A primeira expedição colonizadora chegou ao Brasil em 1532, dando inicio à escravatura, que se desenvolveu em solo brasileiro em função da estrutura econômica e social do regime colonialista. A principio os índios foram à mão-de-obra escrava mais usada. Em seguida, começaram a chegar ao Brasil os primeiros escravos vindos da África.
Alguns autores datam a chegada dos primeiros escravos em 1532, com a expedição de Martim Afonso de Sousa. Já outros estudos defendem a chegadas dos escravos negros em 1550.
Independente de datas, o fato é que os navios negreiros aqui chegaram e fizeram do tráfico de escravos a atividade mais lucrativa do comércio exterior brasileiro, dando forças ao cultivo do açúcar, do fumo, do algodão, da economia mineradora e do serviço doméstico.
Os cultos de origem africana chegaram ao Brasil juntamente com os escravos negros. Os iorubanos - um dos grupos étnicos da Nigéria, resultado de vários agrupamentos tribais, tais como Keto, Oyó, Itexá, Ifan e Ifé, de forte tradição, principalmente religiosa - nos enriqueceram com o culto de divindades denominadas de orixás.
Mesmo após os portugueses obrigarem os escravos a converterem-se ao cristianismo, os negros continuaram a cultuar seus orixás.
Quando os negros dançavam para seus orixás, eles colocavam sobre o "assentamento", estátuas de santos católicos para enganar os inquisidores.
Como eles cantavam aos seus orixás em seu próprio dialeto, os padres e fazendeiros, tinham a ilusão que os escravos louvavam os santos católicos na linguagem yorubá (dialeto africano). Mas na verdade, estavam usando as imagens destes santos para esconder em seu interior, suas obrigações e verdadeiras simbologias dos orixás.

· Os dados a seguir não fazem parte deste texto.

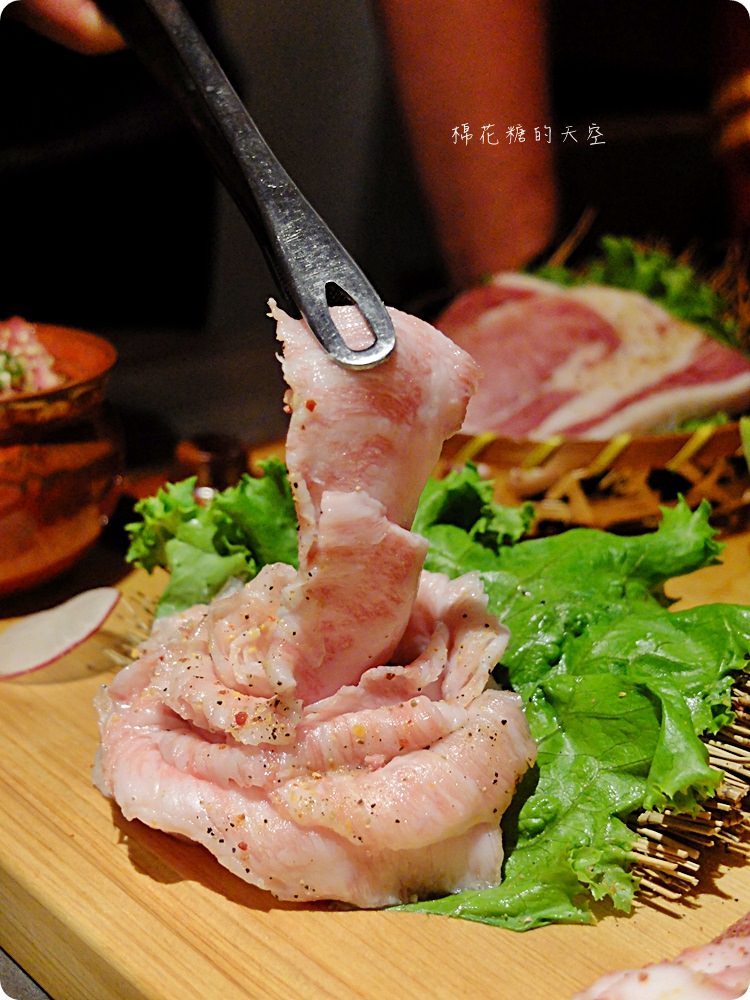 秋紅谷旁市太郎燒肉市場全新菜單大改版，商業午餐也能平價吃吃高檔燒肉囉！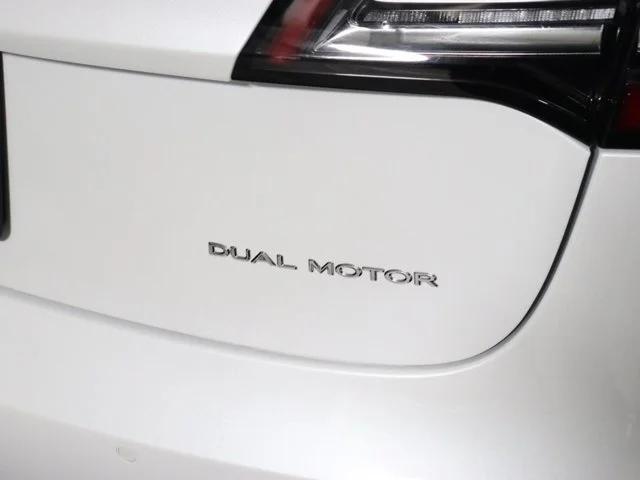 SEMINUEVOS TESLA Model 3 a Estados en autogozo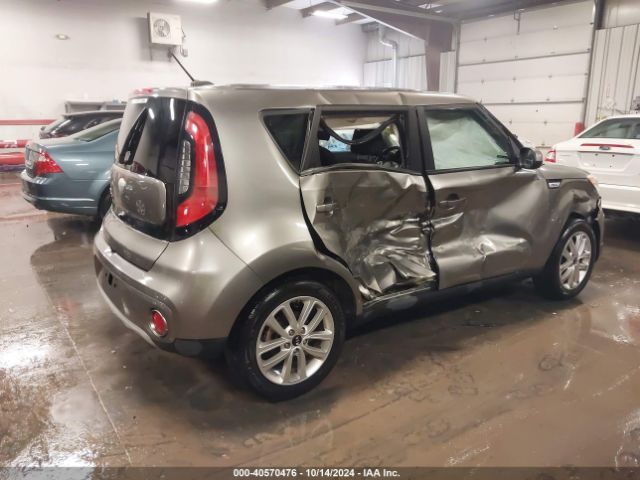 Photo 3 VIN: KNDJP3A55K7697171 - KIA SOUL 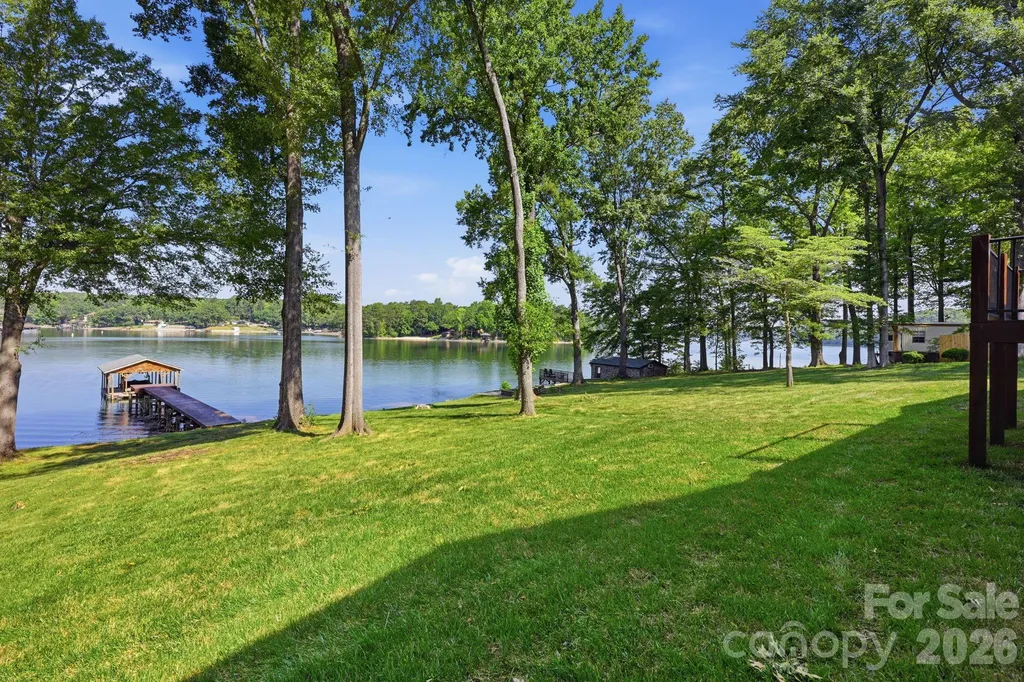 1367 Roundstone Road Sherrills Ford NC 28673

Os negros só usavam as imagens católicas no propósito de esconder suas obrigações e em hipótese alguma, os negros cultuavam os santos católicos como orixás.
Dentro da cultura africana, os orixás significam a força na natureza, cada um deles representa uma força; como o mar, os rios, as matas, a cachoeira e etc.
Os negros assimilaram muito bem os ensinamentos dos senhores brancos, utilizavam as imagens católicas comparando-as aos orixás pela aparência ou feitos. Assim, Oxalá passou a representar Jesus, Oxum à Nossa Senhora da Conceição, Iansã à Santa Bárbara e assim por diante.
O sincretismo que existe entre as duas religiões se originou da necessidade dos negros cultuarem seus orixás sem serem torturados ou mortos. Esse foi o artifício usado por eles para enganar os colonizadores europeus.